I was not this cynical a few months ago, but looking at the reaction of the Fed, the Congress, and the presidential candidates to the meltdown in the housing sector has stripped away any hope that I had.
Billy Hill, sorry - most of the details have been released (about $4 billion in BofA stock, to close in Q3). According to the BofA CEO there was no agreement with regulators:
Historically, federal regulators have played an active role directing a struggling financial institution towards a takeover, particularly because of the liability to the federal deposit insurance fund. Countrywide operates a thrift whose deposits are insured by the Federal Deposit Insurance Corp.
The Office of Thrift Supervision, a division of the U.S. Treasury Department, began regulating Countrywide in March, after the company converted to a federal thrift from a national bank. The OTS set up a full-time presence at Countrywide's headquarters in August. However, people familiar with regulators' thinking said they didn't actively encourage the BofA deal.
"There was no encouragement in all this," Mr. Lewis said. "It doesn't mean they're not happy we did it, but there was no pressure at all and no prior discussions."
The big thing to watch is the MAC (material adverse conditions). If the losses start to pile up, and BofA has a good MAC, then this might fall apart.

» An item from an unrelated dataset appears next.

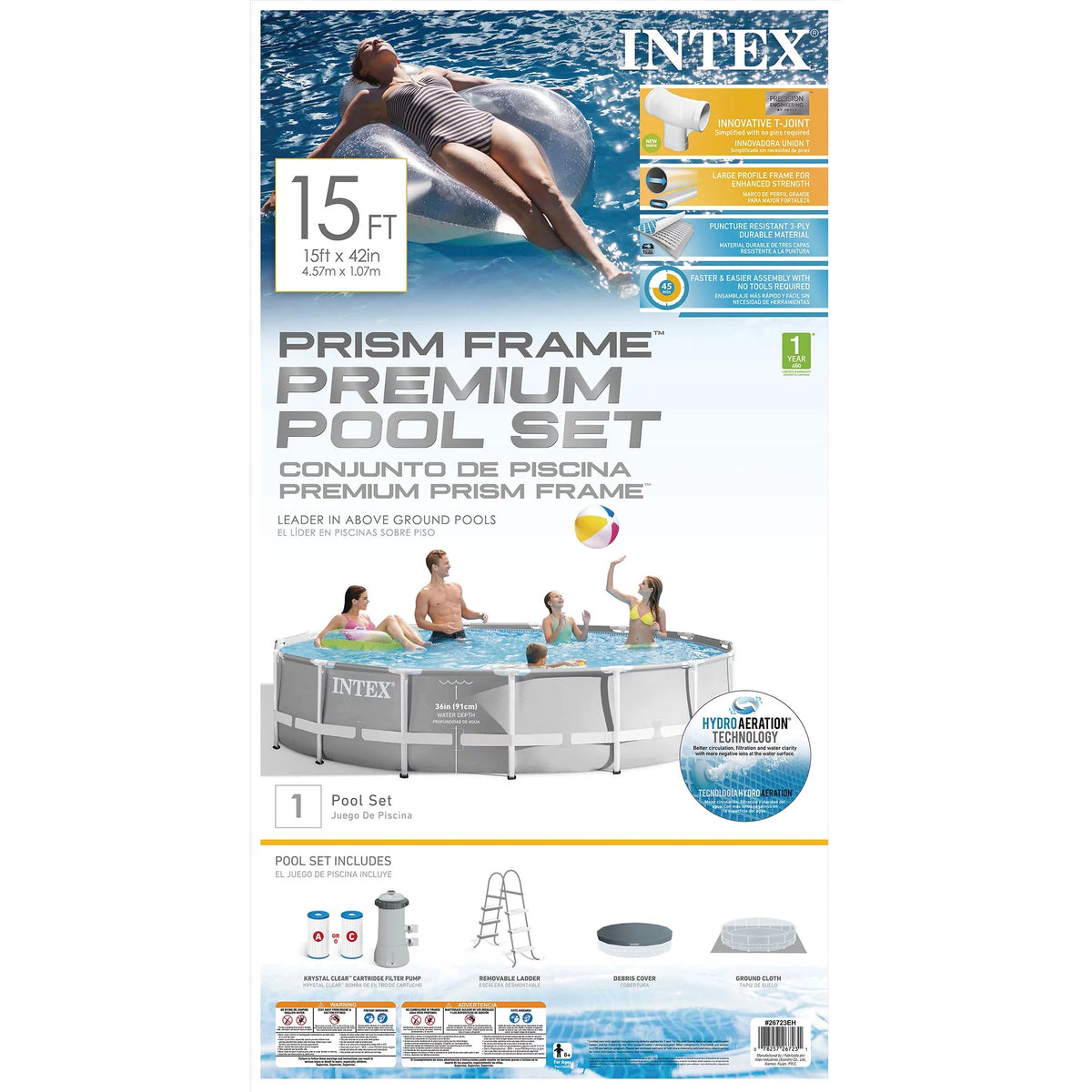 15ft x 42in Above Ground Swimming Pool Set N887422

I have to admit he is the first one to use that line with some numbers. I think that is one area that will get killed. I have a lot of family in orange county and up until a year ago they all told me I was nuts.

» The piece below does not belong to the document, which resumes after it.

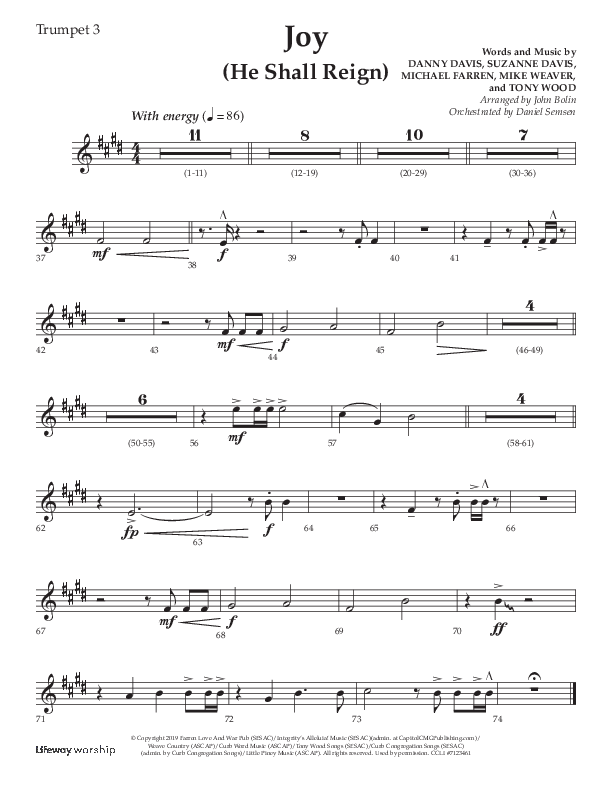 Joy (He Shall Reign) (Choral Anthem SATB) Trumpet 3 (Arr. John Bolin / Lifeway Choral)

The problem is many (of my family) have homes worth $1.0 million plus with no debt. So for them if they drop 50% they are still ok, now their neighborhoods will go to shit will all the newcomers who paid $1.0 million on 100% financing...
Let me start by saying I may not know what I am talking about, but I think that the thing you haven't included in your analysis is the Tax benefits to BAC.
If CFC does loose $10B after it is acquired by BAC, can't they use that to offset their tax liability. I read somewhere that they may be able to deduct losses of around $250M per year for 5 years, then any remainder can be used in the 6th+ years. So if they Do loose +10B, it is still may be a bargain.
"So over the first five years, Bank of America can use a total of $1.35 billion of Countrywide's losses to shelter its income. (That's five years of $270 million annual losses.) If Countrywide's embedded losses when Bank of America buys it exceed $1.35 billion, Willens says, the bank will be able to deduct the rest of the losses, without limit, starting in the sixth year."
I know you are just doing a back-of-the-envelope calculation but Countrywide likely has some brand value as well. I don't know much about the mortgage business but I suspect it will take several billion to set up something similar to CFC's operations (assuming someone can compete against them).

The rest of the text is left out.